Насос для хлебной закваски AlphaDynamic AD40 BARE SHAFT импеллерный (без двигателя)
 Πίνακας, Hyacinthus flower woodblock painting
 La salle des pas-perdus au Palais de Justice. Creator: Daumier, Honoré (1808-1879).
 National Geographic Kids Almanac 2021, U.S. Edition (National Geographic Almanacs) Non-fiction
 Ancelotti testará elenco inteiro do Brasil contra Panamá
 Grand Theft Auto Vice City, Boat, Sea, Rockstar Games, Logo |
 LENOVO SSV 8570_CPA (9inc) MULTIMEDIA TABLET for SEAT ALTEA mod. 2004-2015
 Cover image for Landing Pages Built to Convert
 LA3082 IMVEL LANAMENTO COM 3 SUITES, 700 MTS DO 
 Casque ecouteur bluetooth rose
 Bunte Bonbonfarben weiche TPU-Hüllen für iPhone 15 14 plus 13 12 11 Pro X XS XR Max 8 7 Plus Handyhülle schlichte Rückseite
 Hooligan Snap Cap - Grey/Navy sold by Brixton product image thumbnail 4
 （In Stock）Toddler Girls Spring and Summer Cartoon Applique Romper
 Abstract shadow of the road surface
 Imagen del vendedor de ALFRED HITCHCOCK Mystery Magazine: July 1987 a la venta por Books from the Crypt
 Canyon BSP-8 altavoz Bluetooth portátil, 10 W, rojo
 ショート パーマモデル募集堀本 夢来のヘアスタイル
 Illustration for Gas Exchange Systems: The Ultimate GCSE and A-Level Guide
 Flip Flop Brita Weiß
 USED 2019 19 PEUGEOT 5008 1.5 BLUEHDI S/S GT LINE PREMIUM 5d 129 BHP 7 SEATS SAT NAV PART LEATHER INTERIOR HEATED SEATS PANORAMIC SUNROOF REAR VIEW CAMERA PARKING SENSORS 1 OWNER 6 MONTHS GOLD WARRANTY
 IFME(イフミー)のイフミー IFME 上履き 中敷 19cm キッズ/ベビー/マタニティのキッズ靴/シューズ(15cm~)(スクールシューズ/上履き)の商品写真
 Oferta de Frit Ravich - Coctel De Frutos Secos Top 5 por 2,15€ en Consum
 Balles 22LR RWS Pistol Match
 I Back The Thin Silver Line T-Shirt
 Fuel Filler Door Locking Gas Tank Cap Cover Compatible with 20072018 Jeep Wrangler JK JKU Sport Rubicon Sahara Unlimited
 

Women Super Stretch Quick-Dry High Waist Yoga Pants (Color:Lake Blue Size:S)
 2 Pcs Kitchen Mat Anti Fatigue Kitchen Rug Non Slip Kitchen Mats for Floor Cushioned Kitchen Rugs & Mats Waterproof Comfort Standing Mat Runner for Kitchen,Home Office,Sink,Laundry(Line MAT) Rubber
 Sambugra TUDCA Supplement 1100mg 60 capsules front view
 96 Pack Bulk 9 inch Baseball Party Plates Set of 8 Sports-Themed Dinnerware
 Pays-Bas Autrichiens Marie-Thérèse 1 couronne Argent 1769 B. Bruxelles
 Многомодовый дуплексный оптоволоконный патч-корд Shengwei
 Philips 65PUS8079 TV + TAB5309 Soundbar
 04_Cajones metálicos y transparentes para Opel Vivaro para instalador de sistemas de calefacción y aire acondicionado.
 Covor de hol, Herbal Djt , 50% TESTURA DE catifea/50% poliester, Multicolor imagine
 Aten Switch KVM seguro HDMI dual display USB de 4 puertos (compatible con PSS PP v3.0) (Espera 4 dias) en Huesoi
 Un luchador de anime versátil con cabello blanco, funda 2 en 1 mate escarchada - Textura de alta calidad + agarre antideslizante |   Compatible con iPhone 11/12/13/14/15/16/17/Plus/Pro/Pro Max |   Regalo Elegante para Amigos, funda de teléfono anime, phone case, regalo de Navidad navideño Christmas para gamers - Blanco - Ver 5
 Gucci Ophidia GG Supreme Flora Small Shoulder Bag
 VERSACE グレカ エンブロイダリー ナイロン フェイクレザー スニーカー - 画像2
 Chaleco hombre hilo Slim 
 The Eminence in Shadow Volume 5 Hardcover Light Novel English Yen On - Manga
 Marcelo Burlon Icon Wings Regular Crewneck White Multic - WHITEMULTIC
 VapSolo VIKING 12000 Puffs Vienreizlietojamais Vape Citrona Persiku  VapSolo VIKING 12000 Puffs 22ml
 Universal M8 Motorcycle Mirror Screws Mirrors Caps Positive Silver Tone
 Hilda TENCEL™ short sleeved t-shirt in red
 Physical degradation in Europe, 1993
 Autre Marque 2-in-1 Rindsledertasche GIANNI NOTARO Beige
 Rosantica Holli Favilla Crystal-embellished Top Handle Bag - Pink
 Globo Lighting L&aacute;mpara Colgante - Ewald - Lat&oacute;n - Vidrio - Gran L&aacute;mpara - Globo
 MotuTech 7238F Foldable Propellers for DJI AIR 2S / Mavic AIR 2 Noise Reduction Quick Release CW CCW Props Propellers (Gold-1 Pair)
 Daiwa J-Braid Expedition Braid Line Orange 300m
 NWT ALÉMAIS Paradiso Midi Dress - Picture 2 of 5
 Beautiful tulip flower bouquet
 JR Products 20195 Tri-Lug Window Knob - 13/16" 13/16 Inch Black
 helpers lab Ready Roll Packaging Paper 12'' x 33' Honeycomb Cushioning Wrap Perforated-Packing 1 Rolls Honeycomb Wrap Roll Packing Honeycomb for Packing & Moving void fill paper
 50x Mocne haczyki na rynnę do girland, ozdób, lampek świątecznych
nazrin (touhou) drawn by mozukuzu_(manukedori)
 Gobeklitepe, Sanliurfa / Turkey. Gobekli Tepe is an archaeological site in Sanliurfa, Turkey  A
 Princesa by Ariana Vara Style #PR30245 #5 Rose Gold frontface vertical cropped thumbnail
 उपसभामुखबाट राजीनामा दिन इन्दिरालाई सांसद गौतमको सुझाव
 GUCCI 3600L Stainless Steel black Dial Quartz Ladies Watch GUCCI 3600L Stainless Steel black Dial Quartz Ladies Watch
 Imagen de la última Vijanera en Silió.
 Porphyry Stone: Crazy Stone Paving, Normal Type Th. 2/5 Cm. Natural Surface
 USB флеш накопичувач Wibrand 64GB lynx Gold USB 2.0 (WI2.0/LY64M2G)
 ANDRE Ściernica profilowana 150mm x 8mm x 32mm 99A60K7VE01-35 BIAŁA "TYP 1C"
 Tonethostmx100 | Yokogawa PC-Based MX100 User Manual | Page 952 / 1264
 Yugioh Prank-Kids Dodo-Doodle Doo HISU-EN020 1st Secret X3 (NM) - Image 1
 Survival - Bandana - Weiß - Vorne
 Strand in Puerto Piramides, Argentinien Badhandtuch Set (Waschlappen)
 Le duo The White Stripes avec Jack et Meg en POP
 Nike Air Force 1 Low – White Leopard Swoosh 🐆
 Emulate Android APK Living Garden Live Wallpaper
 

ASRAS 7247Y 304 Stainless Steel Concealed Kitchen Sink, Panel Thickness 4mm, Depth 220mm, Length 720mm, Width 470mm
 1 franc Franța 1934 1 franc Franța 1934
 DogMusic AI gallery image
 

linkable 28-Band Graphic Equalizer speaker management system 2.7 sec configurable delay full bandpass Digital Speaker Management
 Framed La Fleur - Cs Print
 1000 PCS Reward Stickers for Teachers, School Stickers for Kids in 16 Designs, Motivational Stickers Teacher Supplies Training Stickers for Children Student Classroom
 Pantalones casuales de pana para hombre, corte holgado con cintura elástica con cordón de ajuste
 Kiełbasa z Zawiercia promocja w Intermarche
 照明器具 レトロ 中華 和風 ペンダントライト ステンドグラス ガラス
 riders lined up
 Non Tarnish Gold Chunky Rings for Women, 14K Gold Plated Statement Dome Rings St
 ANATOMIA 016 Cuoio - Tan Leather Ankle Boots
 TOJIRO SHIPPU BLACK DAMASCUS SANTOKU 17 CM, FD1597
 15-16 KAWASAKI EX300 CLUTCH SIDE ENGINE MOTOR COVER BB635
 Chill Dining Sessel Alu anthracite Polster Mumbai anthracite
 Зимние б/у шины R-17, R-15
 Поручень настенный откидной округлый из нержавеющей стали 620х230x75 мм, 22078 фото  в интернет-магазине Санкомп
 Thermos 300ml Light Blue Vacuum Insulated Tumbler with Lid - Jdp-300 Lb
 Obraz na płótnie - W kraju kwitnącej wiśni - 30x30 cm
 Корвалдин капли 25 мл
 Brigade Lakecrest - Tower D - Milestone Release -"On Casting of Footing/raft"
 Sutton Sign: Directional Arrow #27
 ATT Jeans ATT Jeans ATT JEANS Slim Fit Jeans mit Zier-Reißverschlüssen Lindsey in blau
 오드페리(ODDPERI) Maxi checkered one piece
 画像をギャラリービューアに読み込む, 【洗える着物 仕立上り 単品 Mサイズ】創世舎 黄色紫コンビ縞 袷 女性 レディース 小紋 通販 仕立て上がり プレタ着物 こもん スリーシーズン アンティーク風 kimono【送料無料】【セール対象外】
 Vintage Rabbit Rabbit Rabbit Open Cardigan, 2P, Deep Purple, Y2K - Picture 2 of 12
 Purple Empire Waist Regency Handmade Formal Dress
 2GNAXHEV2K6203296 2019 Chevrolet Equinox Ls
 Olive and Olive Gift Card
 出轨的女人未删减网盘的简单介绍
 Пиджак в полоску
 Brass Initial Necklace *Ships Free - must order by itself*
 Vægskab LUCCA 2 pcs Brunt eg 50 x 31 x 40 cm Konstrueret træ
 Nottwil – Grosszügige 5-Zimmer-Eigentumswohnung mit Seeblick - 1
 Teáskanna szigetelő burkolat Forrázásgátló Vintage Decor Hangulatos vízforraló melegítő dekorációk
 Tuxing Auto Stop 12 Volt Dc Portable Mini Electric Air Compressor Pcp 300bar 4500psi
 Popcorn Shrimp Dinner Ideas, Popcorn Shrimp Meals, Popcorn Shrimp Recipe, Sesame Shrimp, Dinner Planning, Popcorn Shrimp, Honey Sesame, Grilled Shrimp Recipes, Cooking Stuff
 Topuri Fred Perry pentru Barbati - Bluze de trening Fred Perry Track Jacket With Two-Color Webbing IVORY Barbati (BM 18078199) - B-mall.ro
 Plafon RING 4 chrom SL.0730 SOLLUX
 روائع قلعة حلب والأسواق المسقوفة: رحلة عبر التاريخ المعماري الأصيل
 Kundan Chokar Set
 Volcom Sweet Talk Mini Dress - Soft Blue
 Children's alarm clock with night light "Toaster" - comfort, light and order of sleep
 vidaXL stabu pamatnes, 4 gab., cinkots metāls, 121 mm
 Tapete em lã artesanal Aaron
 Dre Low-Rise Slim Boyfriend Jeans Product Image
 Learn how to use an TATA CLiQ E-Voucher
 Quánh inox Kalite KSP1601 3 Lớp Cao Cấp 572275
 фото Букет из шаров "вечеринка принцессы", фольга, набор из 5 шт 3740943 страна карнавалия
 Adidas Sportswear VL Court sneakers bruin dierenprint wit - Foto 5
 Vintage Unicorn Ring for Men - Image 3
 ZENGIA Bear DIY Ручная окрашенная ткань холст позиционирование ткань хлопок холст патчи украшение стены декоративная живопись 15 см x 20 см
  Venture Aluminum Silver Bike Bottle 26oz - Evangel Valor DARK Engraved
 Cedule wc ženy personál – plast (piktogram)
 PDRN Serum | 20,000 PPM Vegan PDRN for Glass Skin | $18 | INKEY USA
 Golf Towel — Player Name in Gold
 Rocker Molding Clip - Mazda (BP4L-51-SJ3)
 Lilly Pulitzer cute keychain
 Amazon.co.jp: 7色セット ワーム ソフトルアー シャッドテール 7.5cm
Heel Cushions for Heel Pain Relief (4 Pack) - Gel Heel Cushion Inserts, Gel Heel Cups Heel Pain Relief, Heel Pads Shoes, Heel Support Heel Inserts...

- _What to produce_
Write only the number of lines in the listing that hold the word "Sink".

- _Result of this exercise_
2